**The data:**

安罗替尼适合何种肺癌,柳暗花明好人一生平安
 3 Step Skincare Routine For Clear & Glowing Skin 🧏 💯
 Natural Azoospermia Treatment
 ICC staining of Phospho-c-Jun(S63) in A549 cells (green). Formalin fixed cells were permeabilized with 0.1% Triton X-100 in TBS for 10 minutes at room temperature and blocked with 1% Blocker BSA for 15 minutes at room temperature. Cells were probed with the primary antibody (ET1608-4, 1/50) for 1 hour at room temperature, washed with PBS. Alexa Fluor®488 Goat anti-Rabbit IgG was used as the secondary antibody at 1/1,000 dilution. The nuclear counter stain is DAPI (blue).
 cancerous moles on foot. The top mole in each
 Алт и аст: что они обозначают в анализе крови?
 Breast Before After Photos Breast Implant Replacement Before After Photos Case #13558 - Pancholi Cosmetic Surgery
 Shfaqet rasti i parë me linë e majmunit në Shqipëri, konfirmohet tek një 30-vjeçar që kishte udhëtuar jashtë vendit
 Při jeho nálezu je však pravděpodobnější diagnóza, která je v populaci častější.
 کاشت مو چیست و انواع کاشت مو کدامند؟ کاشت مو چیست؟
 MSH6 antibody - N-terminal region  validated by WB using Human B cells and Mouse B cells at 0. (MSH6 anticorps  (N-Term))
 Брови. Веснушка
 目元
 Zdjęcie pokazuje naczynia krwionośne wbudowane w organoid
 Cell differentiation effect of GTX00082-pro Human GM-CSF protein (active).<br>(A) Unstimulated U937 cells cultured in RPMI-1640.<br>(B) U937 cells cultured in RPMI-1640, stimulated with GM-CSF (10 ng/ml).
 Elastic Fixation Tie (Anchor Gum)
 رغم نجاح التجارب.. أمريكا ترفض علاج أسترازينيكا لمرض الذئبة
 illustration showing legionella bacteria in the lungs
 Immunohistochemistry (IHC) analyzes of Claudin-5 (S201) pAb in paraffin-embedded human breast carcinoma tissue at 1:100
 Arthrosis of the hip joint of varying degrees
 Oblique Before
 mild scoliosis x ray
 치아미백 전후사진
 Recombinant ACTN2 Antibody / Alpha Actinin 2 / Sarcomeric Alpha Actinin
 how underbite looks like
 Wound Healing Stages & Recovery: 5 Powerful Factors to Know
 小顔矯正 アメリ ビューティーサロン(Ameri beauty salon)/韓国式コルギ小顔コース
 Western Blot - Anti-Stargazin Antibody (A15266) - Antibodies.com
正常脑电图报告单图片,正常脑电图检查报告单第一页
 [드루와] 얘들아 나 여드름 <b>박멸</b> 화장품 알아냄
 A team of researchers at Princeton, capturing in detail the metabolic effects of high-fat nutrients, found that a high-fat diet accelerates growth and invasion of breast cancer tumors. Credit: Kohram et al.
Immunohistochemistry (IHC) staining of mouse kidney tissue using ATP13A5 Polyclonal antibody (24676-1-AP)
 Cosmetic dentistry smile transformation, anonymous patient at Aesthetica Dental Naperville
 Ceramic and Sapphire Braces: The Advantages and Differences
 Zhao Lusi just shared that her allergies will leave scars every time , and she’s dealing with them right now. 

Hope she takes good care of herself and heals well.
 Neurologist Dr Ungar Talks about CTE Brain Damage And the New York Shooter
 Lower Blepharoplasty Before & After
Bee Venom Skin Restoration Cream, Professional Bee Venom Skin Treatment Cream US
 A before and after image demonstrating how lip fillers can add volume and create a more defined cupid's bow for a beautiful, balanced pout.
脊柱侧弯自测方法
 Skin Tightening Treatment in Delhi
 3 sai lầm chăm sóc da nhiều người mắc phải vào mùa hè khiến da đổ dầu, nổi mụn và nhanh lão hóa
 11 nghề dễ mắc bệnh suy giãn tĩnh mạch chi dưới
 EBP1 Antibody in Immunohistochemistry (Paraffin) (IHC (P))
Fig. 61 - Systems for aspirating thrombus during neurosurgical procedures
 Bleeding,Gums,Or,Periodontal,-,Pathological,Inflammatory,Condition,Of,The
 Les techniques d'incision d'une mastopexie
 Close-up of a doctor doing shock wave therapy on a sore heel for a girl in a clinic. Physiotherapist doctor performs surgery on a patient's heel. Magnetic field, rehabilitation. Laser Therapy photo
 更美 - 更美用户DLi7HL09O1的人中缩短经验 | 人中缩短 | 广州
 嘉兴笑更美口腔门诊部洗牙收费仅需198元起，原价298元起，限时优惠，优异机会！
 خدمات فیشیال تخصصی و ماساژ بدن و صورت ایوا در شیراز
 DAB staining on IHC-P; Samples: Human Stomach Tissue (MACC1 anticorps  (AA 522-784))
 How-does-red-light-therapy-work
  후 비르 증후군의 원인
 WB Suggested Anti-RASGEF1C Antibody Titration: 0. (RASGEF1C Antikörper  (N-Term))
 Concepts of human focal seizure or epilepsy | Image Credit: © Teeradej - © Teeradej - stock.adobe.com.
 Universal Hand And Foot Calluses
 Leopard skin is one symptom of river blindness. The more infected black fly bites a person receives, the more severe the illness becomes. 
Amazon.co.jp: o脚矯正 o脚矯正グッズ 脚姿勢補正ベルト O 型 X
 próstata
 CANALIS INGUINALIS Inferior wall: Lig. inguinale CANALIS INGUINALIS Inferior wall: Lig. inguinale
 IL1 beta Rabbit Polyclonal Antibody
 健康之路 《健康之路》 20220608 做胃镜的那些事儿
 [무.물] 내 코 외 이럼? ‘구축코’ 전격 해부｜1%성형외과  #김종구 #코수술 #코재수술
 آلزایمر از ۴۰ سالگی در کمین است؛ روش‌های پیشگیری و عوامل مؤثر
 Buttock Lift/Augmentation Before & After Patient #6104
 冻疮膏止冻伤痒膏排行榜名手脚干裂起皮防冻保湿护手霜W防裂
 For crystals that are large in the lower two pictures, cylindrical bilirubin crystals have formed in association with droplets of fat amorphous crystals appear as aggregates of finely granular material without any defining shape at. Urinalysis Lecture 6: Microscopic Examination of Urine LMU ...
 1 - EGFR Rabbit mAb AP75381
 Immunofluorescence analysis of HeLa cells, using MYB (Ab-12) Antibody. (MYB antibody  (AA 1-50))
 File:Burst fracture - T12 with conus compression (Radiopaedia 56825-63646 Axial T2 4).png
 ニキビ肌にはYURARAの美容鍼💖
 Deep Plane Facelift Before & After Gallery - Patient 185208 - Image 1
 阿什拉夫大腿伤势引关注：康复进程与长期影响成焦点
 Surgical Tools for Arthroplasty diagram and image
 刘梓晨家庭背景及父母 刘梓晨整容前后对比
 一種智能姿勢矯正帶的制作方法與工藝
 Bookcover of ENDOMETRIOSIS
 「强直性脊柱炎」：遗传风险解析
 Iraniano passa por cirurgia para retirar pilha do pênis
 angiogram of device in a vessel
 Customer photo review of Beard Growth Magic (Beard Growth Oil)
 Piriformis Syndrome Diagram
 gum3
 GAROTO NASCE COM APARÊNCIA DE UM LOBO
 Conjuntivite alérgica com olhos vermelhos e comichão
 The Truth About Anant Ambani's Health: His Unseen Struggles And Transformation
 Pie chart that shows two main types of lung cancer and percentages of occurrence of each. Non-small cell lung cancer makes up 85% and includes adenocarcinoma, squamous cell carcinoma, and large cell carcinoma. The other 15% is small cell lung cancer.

**Work instruction:** Using the entries above, return each line in which the word "carcinoma" occurs.

**Answer section:**
 Immunohistochemistry (IHC) analyzes of Claudin-5 (S201) pAb in paraffin-embedded human breast carcinoma tissue at 1:100
 Pie chart that shows two main types of lung cancer and percentages of occurrence of each. Non-small cell lung cancer makes up 85% and includes adenocarcinoma, squamous cell carcinoma, and large cell carcinoma. The other 15% is small cell lung cancer.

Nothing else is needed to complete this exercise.